Why Russian people need tech companies to stay, not withdraw: It’s terrifying ‘how dark that place could become’

Why Russian people need tech companies to stay, not withdraw: It’s terrifying ‘how dark that place could become’


People gather to stage anti-war protest in Saint-Petersburg, Russia on March 1, 2022.

Anadolu Agency | Getty Images

As the U.S. and Europe impose economic sanctions on Russia for its invasion of Ukraine, and businesses such as McDonald’s and Starbucks shut down operations in the country, tech platforms must weigh a more complex equation.

Unlike certain sanctions or business closures made to primarily hurt the Russian regime, limiting access to tech platforms — whether by force or choice — could have massive effects on the Russian people and their ability to access reliable information that contradicts the Kremlin “special military operation” narrative.

“I think tech companies are different from other companies doing business in Russia, because we do have a clear interest in having them stay,” said Joanna Szostek, a political communication lecturer at the University of Glasgow. She praised Western companies in other industries for pulling their goods and services from Russia, but said it doesn’t work the same way when it comes to services such as social media and search engines.

In many ways, the tech industry is facing a new version of the fundamental dilemma it’s grappled with for years: the balance between connecting disparate parts of the world and risking the spread of disinformation.

Though some in Ukraine have called on tech companies to stop services in Russia to oppose the war, experts in internet freedom and Russian censorship say such action could be counterproductive. For truth to prevail inside Russia, platforms may have to take calculated risks to maintain their services in the country, experts say.

“I think there’s a very strong case for trying to do everything possible to keep those accessible for as long as possible,” Szostek said. “And if that means sort of continuing to do some kind of business in Russia, then so be it. Because, the idea of Russia getting completely trapped behind a sort of wall with no information at all getting through, I mean, it’s quite terrifying really, how dark that place could become.”

A delicate balance

Tech platforms operating in Russia are confronting a double-edged sword.

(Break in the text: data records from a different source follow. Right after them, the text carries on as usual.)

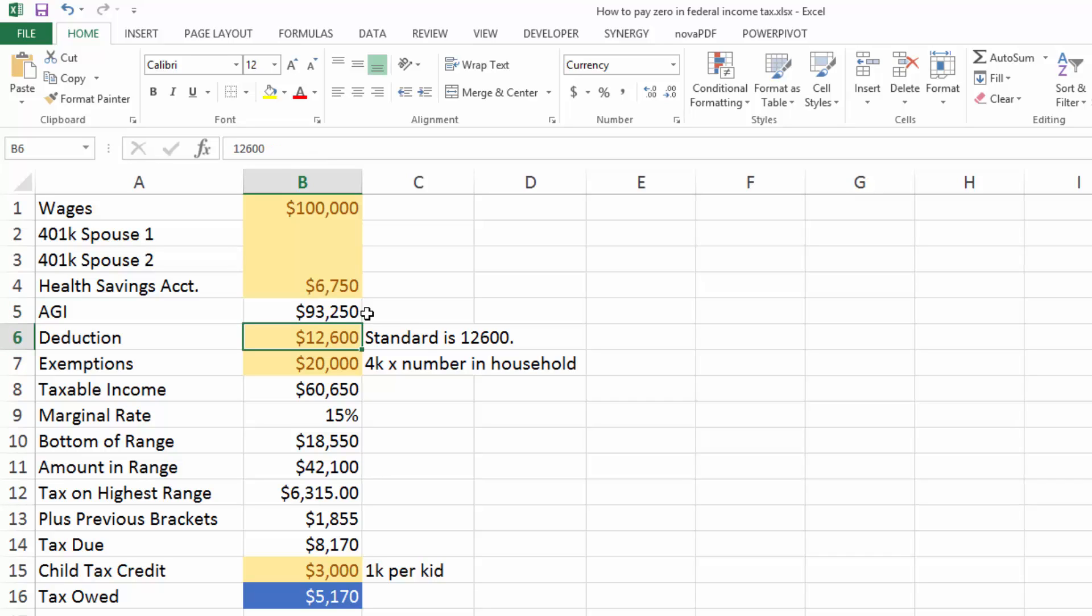I'm going to take the standard deduction of $12,600. Now, if you contribute to charity or you have a home mortgage, any of those things can give you a lot more deduction than just the standard.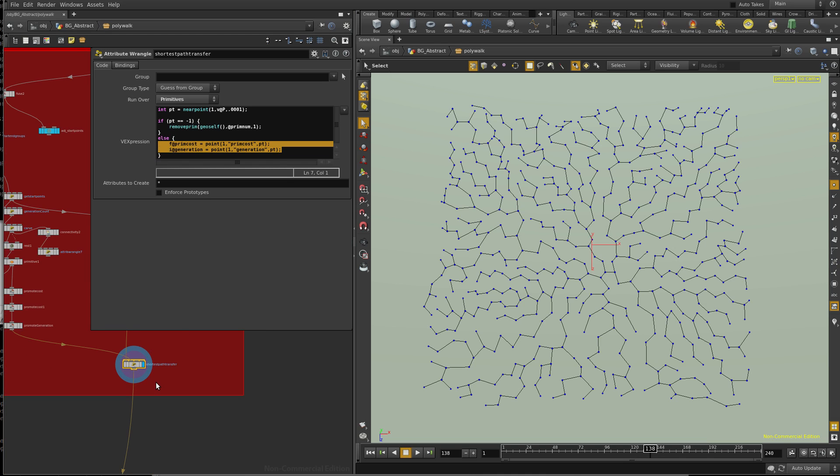And so there you go. We're done. We have all the attributes that have been built up. So we can now animate this network, which is pretty hefty. So thanks for watching, guys. I hope you've enjoyed.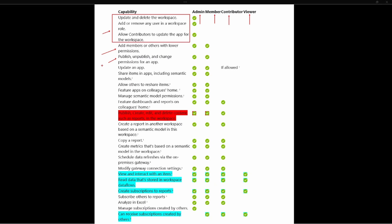Looking at the main difference between the viewer and the contributor, I want to point out this piece highlighted in red: the ability to publish, create, edit, and delete content such as reports in a workspace. As a contributor or member role, you're going to have the ability to edit the content inside a workspace. The viewer role only allows viewing and reading information, and creating subscriptions to reports for notifications. That main difference is publishing, creating, and editing content inside a workspace.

Twitter, Facebook and Youtube logos are placed on a Russian flag in this illustration picture taken February 26, 2022.

Dado Ruvic | Reuters

On the one hand, platforms such as Meta’s Facebook and Instagram, Twitter, and Google’s YouTube don’t want to become vessels for Kremlin propaganda. But on the other, the absence of their services could leave an information vacuum likely to be filled by disinformation from the Russian government and state-owned media.

The situation these companies face is an iteration of the question they’ve struggled to answer in the wake of their growing power in the past few decades: Does the benefit of free and fast-spreading information outweigh the risk that their platforms can be used to disperse disinformation and stoke violence?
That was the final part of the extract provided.